Downtown 1958

Downtown 1958

Friday, August 18, 2017

Oral History

September 24, 1979, Neenah-Menasha Daily Northwestern
Here is another in our series of oral histories of Neenah-Menasha.  This edition is particularly fascinating in that it examines the tension and rivalry between the two cities.  There is an interesting note at the beginning by Dr. O'Brien in that his observation was that Menasha residents were well aware of the tension but few in Neenah were aware of it.  When I read this, the first thing to come to mind was the quote, "Let them eat cake," attributed to Marie Antoinette, who allegedly spoke it in regard to her people having no bread to eat.   I'll leave it to you readers to make of that what you will. 

Thursday, August 17, 2017

Scam Carnival

August 21, 1937, Oshkosh Daily Northwestern
Let this be a cautionary tale to you, dear readers, to hold tightly to your wallet or purse when dealing with nefarious individuals associated with carnivals.  And lest you think this wasn't such a big loss, $660 in the year 1937 had the same buying power as $11,141.98 in July 2017, according to the Consumer Price Index Inflation Calculator I found online.  Yikes!

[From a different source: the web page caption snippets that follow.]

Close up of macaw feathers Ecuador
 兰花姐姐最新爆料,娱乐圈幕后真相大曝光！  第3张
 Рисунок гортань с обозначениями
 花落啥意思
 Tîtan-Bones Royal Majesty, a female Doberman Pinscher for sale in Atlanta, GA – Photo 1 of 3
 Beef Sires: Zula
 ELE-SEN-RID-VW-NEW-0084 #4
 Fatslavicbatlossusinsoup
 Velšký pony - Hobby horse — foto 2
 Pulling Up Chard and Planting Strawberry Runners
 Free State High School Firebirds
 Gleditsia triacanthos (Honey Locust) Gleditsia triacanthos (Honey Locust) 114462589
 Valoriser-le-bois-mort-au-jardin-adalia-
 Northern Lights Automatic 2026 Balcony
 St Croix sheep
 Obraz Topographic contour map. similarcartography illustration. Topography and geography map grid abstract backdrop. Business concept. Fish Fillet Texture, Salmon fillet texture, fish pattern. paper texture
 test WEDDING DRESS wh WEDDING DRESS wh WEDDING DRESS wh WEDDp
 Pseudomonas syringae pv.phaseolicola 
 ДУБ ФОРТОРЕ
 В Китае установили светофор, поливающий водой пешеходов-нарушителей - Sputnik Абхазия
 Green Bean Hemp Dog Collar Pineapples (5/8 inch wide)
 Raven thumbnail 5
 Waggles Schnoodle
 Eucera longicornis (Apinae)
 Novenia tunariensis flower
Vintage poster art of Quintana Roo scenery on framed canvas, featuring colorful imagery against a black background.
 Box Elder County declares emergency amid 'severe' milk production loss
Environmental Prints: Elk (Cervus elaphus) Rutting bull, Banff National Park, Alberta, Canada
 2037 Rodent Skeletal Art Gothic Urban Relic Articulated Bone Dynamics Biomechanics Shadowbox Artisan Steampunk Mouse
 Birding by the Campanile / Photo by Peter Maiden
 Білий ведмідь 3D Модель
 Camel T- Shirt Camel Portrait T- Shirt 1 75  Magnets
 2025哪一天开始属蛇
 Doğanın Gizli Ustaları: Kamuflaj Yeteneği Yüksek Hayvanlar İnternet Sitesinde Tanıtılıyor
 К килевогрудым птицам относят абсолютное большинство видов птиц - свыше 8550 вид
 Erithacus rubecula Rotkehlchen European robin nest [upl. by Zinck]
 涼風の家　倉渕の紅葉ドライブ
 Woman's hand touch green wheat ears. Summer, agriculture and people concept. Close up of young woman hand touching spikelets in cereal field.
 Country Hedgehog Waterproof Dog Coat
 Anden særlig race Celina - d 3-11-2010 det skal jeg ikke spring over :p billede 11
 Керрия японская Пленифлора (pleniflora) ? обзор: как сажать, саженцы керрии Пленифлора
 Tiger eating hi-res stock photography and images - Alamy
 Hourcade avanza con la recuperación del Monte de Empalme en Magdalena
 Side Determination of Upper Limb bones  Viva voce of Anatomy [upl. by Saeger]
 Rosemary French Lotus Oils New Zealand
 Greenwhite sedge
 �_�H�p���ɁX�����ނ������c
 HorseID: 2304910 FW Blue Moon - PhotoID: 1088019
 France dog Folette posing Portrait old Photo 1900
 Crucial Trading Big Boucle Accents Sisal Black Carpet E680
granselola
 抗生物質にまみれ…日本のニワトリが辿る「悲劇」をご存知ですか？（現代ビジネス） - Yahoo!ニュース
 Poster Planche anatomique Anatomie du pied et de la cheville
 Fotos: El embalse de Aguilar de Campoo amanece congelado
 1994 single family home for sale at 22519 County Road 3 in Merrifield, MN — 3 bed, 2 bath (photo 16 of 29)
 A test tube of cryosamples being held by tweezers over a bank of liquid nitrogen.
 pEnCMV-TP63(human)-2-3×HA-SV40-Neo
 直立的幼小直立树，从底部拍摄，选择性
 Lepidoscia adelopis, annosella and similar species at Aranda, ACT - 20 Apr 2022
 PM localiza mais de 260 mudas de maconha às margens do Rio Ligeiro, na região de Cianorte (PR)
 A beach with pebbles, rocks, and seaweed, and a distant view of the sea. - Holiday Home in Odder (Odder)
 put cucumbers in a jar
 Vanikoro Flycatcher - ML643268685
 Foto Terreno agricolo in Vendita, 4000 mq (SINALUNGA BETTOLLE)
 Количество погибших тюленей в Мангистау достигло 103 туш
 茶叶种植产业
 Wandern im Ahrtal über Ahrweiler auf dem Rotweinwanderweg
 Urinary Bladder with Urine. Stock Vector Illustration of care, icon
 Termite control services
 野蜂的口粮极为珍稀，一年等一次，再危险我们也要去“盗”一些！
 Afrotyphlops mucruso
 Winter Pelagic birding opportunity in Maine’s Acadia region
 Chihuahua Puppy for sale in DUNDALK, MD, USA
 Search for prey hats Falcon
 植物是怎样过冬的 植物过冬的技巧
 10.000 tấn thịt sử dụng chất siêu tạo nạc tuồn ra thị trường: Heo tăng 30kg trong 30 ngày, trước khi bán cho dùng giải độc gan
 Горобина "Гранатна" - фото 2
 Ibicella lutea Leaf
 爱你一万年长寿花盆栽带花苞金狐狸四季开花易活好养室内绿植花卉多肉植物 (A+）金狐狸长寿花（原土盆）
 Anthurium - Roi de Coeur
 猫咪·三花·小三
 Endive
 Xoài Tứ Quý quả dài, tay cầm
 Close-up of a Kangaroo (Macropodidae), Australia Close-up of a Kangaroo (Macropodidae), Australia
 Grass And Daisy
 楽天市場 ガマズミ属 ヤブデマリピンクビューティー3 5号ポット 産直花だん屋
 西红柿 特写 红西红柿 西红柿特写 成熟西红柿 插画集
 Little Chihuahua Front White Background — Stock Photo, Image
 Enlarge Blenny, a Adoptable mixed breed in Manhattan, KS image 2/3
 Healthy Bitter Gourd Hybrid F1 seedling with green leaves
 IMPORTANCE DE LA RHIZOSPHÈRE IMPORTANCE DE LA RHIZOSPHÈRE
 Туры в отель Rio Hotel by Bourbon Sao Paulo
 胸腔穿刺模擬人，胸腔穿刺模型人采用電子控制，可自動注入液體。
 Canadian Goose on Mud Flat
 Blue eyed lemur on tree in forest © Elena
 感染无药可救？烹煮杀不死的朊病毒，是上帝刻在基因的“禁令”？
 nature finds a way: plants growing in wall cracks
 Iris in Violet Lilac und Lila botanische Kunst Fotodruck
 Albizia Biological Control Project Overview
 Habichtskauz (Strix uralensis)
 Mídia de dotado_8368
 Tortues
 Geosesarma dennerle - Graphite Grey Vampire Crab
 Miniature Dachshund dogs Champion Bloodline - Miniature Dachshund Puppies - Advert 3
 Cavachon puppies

Wednesday, August 16, 2017

A Couple of News Items

August 9, 1880, Oshkosh Daily Northwestern
August 31, 1880, Oshkosh Daily Northwestern
So often the newspapers of this era have such dry and stilted prose that the copy is unreadable.  But I still get a kick out of reading the news of that era. 

Here's a couple of stories that are entertaining, even for today.  Plus, they come complete with language of the day.  When's the last time you saw the word "vagabond" used twice in one paragraph, or a woman referred to as a "man eater?"  And "humbug"?  I think we only get that every December when we watch Charles Dickens' "A Christmas Carol" and hear it used by Mr. Scrooge. 
In the top story the bank referred to as Hewitt's is the Bank of Menasha.  It's charming to me that the population of Menasha was still so small and apparently everybody knew everybody, that it could be referred to by the operator's name instead of its legal business name and there was no confusion over that.

Tuesday, August 15, 2017

Joy in the Ride

August 16, 1979, Neenah-Menasha Daily Northwestern
Just the simple joys of riding one's bike as the waning days of summer lead us on the path back to school and the inevitable day-to-day drudgery of it all.  Ah, freedom!

Monday, August 14, 2017


August 11, 1959, Appleton Post-Crescent
While the above photo for the Buick Electra is a stock photo provided by the car company, I was still taken aback by that ad copy, describing the car as "sleek and low."  Compared to what people drove in years before, this car WAS just that.  The styling reflected America's entry first into the Jet Age, but now, for this era, the Space Age.  Is it any wonder, this America on the move, would want its autos to reflect its future hopes and dreams of a streamlined world?  These iconic auto designs are still looked back upon fondly.

Friday, August 11, 2017

Oral History

September 14, 1979, Neenah-Menasha Daily Northwestern

Dr. Michael O'Brien brings us another oral history from 1979.  Today's installment covers memories of educators from the past.  If there is a common thread to all these oral histories, it's that perseverance goes a long way.  These residents endured economic downturns and historic upheavals that tested the wills of parents, teachers, employers...everyone.  The 20th century was a crazy roller coaster ride- World War I, the Roaring Twenties, the Great Depression, World War II, and the post-war 1950's.  But having a dedication to one's work and a goal to achieve most often led to success. 

Thursday, August 10, 2017

Aerial View

August 25, 1963, Appleton Post-Crescent
This is a nice aerial photo to go along with the dedication of what we at St. Mary's always referred to as the "'62 Building," even though this dedication by Bishop Bona took place in 1963.  I may have shared this before but the whole place was interconnected in the basement.  As first through fourth graders, our classrooms were in the "'52 Building."  Often, we'd take trips to the library in the "'62 Building" or to that building's new "A/V Room," where, if we were lucky, we might see a movie or something special.  (I think, one time, we watched the Davy Crockett movies there for some reason.)  In the warmer weather, we might go outside, but in the winter, we'd just travel through the basements to get there.  Of course, this also meant traversing part of the high school basement and it was so alien to see those "big kids"  milling around, changing classes and whatnot.  Often we'd encounter the maintenance man, Mr. Coopman and he was always so friendly to us.  (As you can see, for this little kid, it didn't take much distraction to make my day better!)